▶ _Goal of the exercise_: Output all entries verbatim, dropping pictures.

▶ _Listed entries_:
##########

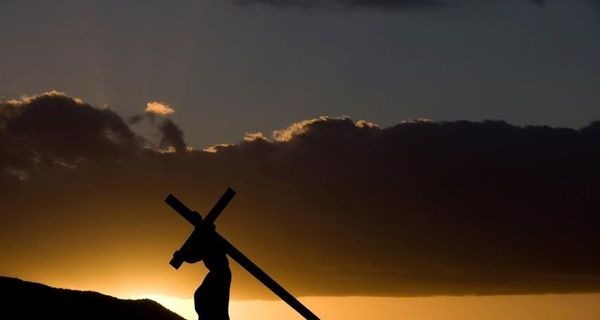 DISCIPLES DE JESUS OU SUIVRE JESUS ? 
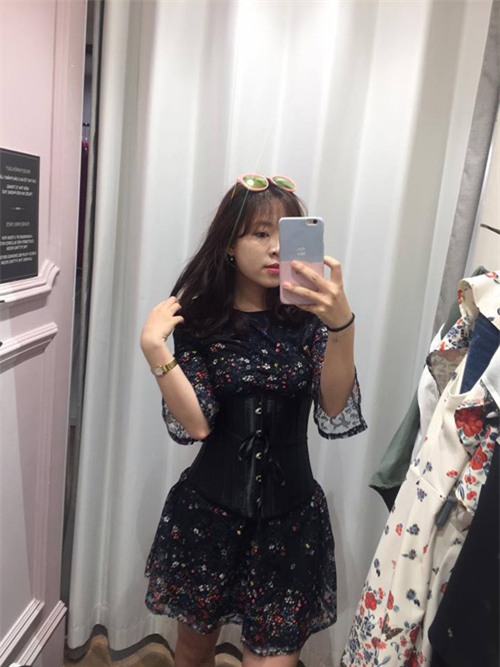 cac co gai tre dang no nuc dung cach nay de co vong eo con kien - 7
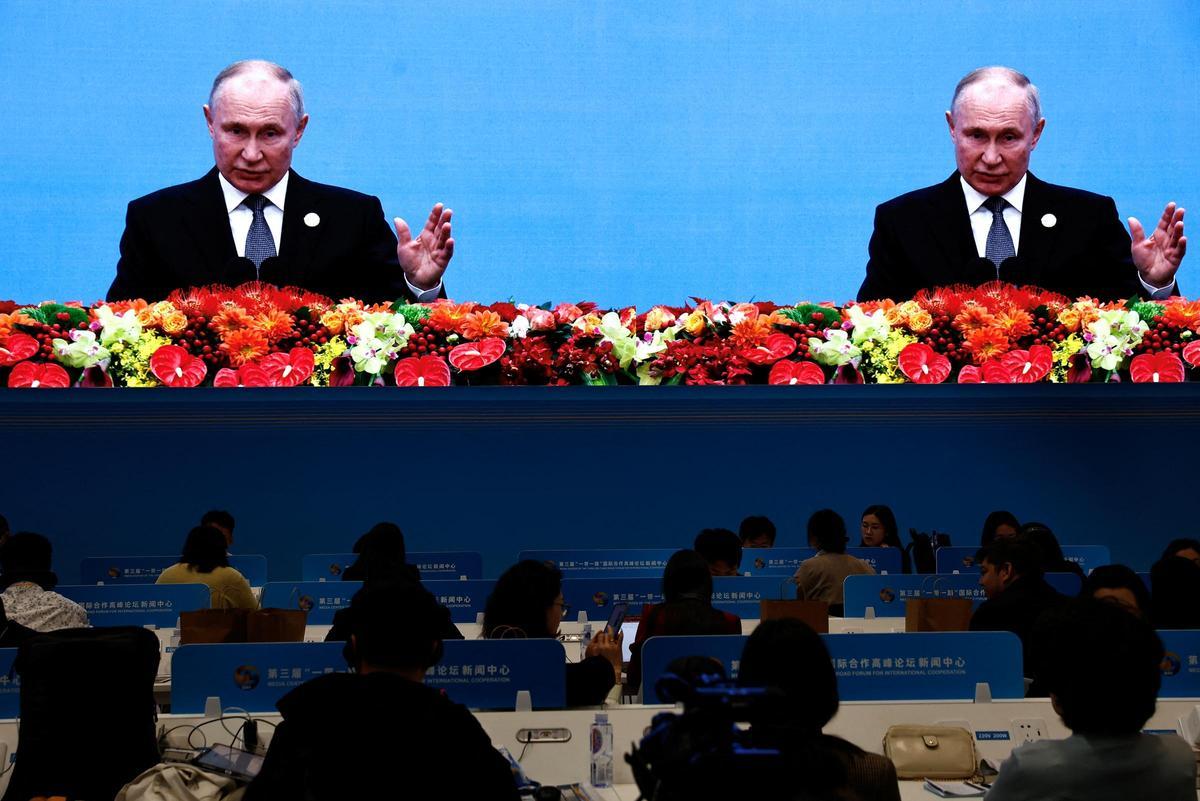 Vladímir Putin se reúne con Xi Jinping en Pekín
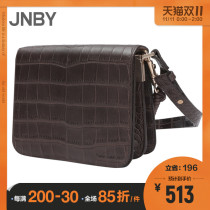 JNBY Jiangnan cloth 20 autumn and winter discount new bag shoulder bag fashion simple design womens 7K8210590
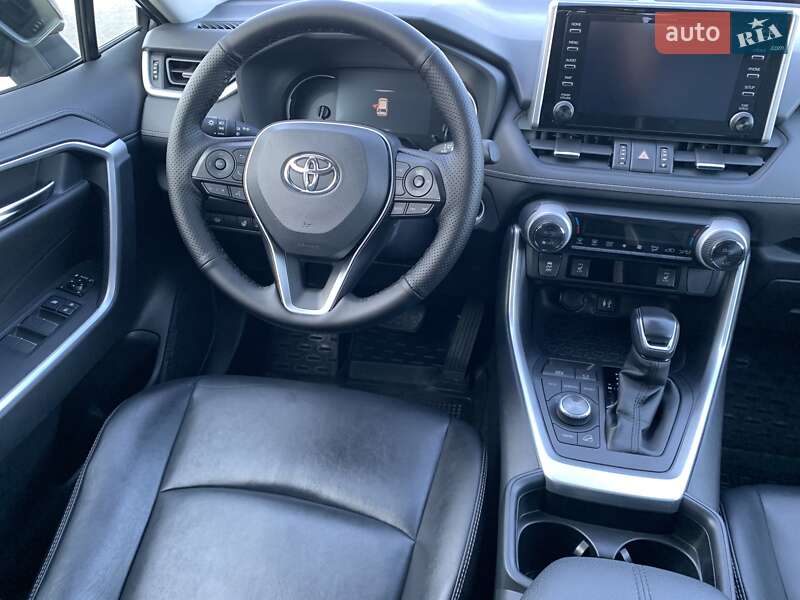 Позашляховик / Кросовер Toyota RAV4 2018 в Києві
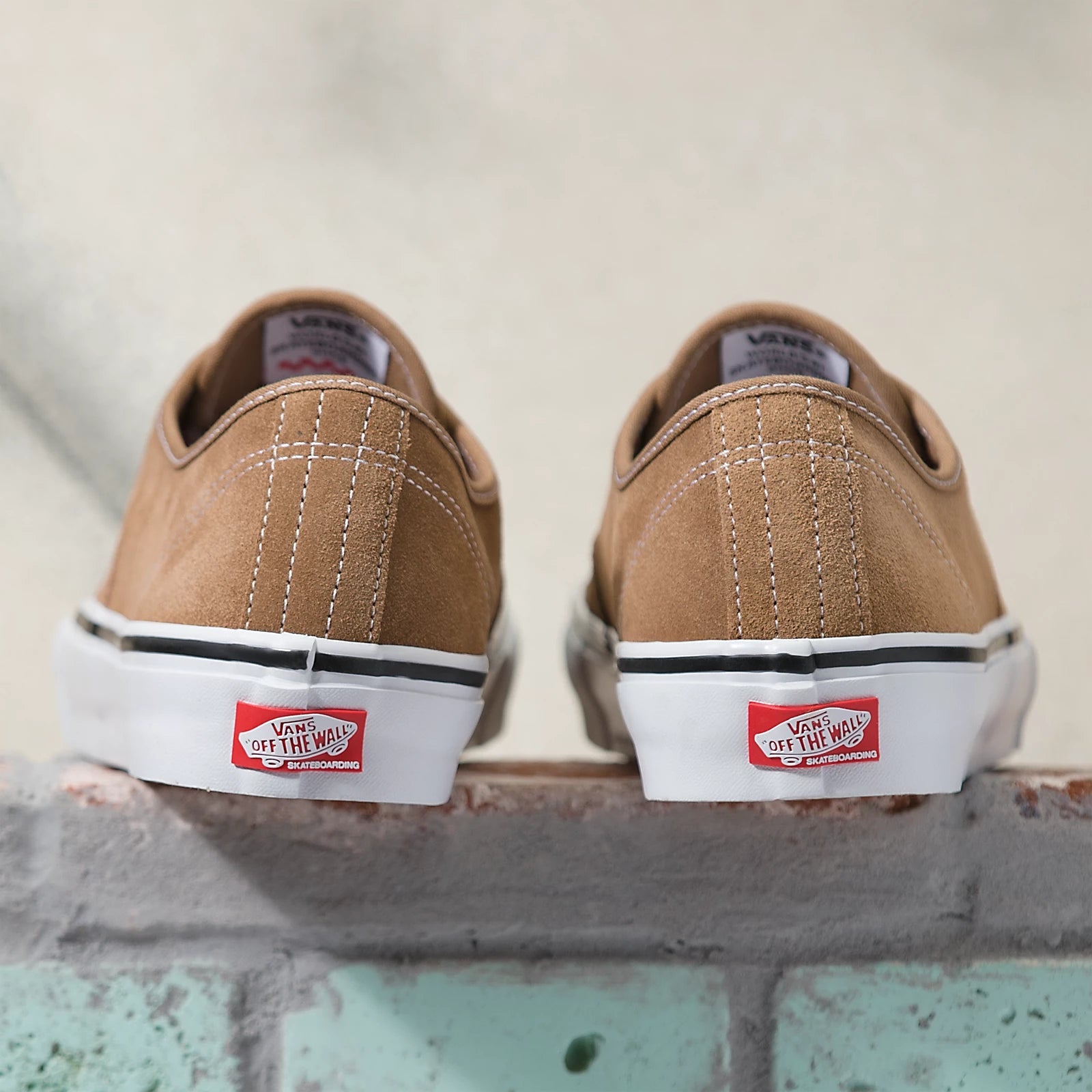VANS Women's Authentic Suede Skate Shoes in Tobacco Brown - Comfortable Casual Sneakers for Skateboarding, Streetwear & Everyday Wear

##########

▶ _Output below_:
 DISCIPLES DE JESUS OU SUIVRE JESUS ? 
 cac co gai tre dang no nuc dung cach nay de co vong eo con kien - 7
 Vladímir Putin se reúne con Xi Jinping en Pekín
 JNBY Jiangnan cloth 20 autumn and winter discount new bag shoulder bag fashion simple design womens 7K8210590
 Позашляховик / Кросовер Toyota RAV4 2018 в Києві
VANS Women's Authentic Suede Skate Shoes in Tobacco Brown - Comfortable Casual Sneakers for Skateboarding, Streetwear & Everyday Wear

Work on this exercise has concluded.